In his Sept. 14 WorldNetDaily column, Brent Smith tries his best to defend President Trump over his insistence that the claim that nearly 3,000 people were killed in Puerto Rico by Hurricane Maria and its aftermath that came about by "magic":
The study was conducted from September, 2017, the month of the storm, all the way through February of the following year (2018).
Now, I don’t know about you, but when I read that some “3,000 people were killed by Hurricane Maria in Puerto Rico,” I don’t expect a death that occurred almost six months later to count as one of the “storm” deaths. No reasonable person would.
In fact, according to Puerto Rico’s own records, the total deaths directly caused by the storm were 64. “The official government estimate of 64 deaths from the hurricane is low primarily because the conventions used for causal attribution only allowed for classification of deaths attributable directly to the storm, e.g., those caused by structural collapse, flying debris, floods and drownings,” the report notes.
Well duh! Isn’t that what “killed by Hurricane Maria” is supposed to mean? Evidently not, but every person who reads that kind of headline will come to the same wildly incorrect conclusion.
The vast majority of deaths were mainly due to the island’s already crumbling infrastructure and pitiful disaster preparedness in a place run by leftists for decades. That and the study also included deaths that occurred during the migration of Puerto Rican residents to states like Florida even months later.
And because of this “study,” done almost entirely by computer models on the campus of GW University and where “researchers” never once ventured to Puerto Rico, history will reflect the 3,000 number – not the 64. This will make it No. 2 among the U.S. hurricanes that have taken the most lives. No. 1 is still Galveston, Texas, in 1900, which claimed 8,000 lives.
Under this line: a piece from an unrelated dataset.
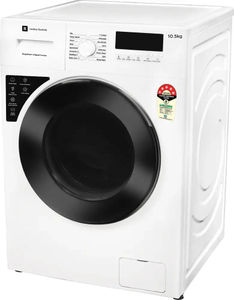 realme 10.5 Kg Fully Automatic Front Load Washing Machine (RMFL1055NHIJW)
I am not belittling any of the deaths from Hurricane Maria. But whether this study by GW was politically motivated or not, it certainly has given ample ammunition to the likes of CNN, MSNBC, et al., to further their assaults on the president.
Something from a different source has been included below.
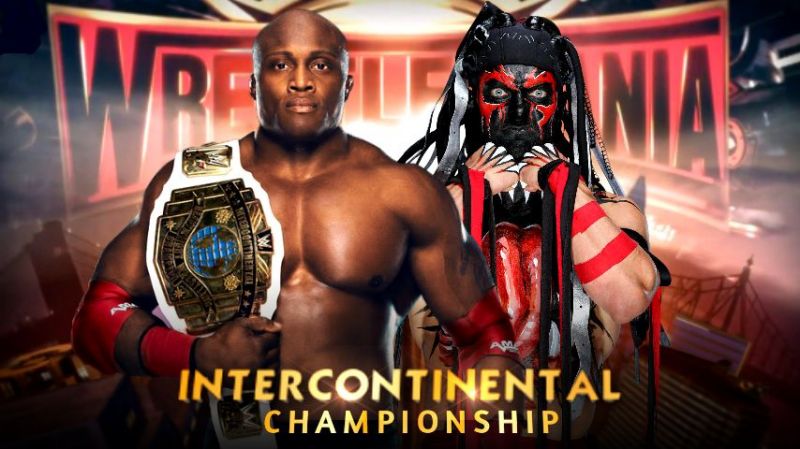 5 Potential Matches for Bobby Lashley at WrestleMania 35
In fact, the George Washington University study Smith (and Trump) attacked was not politically motivated; it's a statistical analysis calculating the bnumber of "excess" deaths in Puerto Rico after the hurricane. That study was commissioned by the Puerto Rican government, and it accept the study's funding that 2,975 people died as a result of Maria.
Further, while Puerto Rico was facing crumbling infrastructure before Maria hit, there seems to be plenty of blame to go around, and Smith offers no proof that it was "leftist" government officials who were solely responsible.